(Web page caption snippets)
● ● ● ●

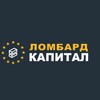Логотип телеграм канала @capitallombard — Ломбард "Капитал"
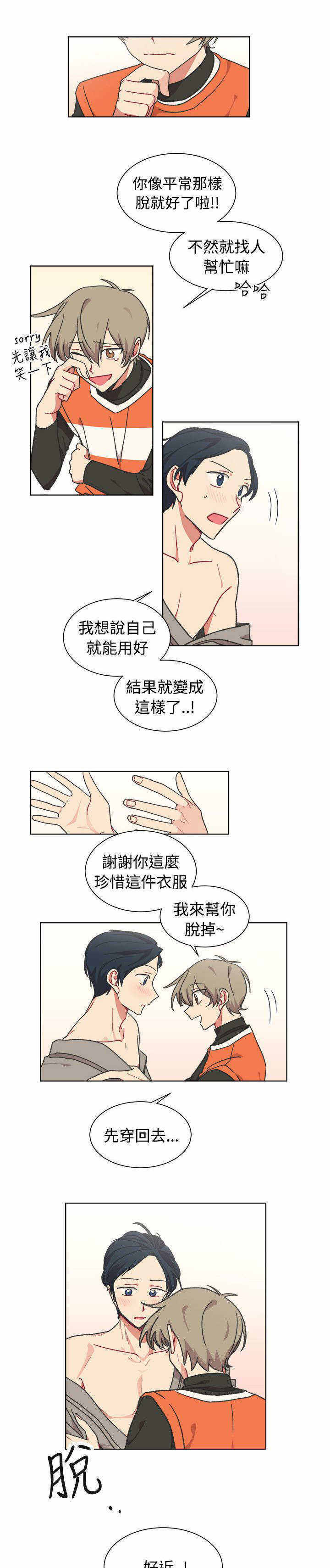 《为你改造》漫画最新章节第24话免费下拉式在线观看章节第【25】张图片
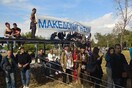 Θεσσαλονίκη: Τα ΜΑΤ σταμάτησαν διαμαρτυρία για το Σκοπιανό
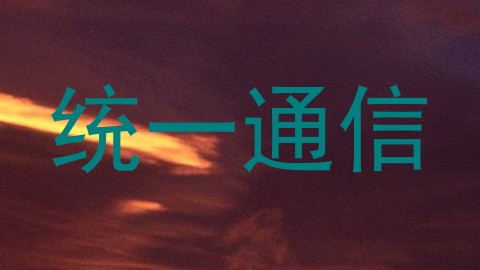 统一通信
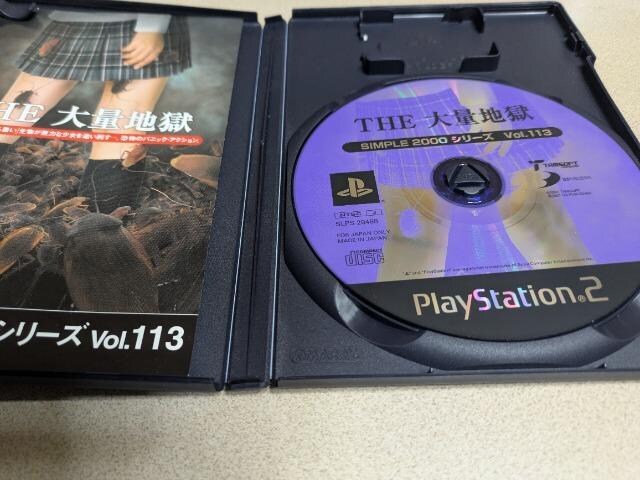 THEʒn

● ● ● ●

Exercise:
A verbatim copy of the records is needed, with all images omitted.

Solution for this problem:
Логотип телеграм канала @capitallombard — Ломбард "Капитал"
 《为你改造》漫画最新章节第24话免费下拉式在线观看章节第【25】张图片
 Θεσσαλονίκη: Τα ΜΑΤ σταμάτησαν διαμαρτυρία για το Σκοπιανό
 统一通信
 THEʒn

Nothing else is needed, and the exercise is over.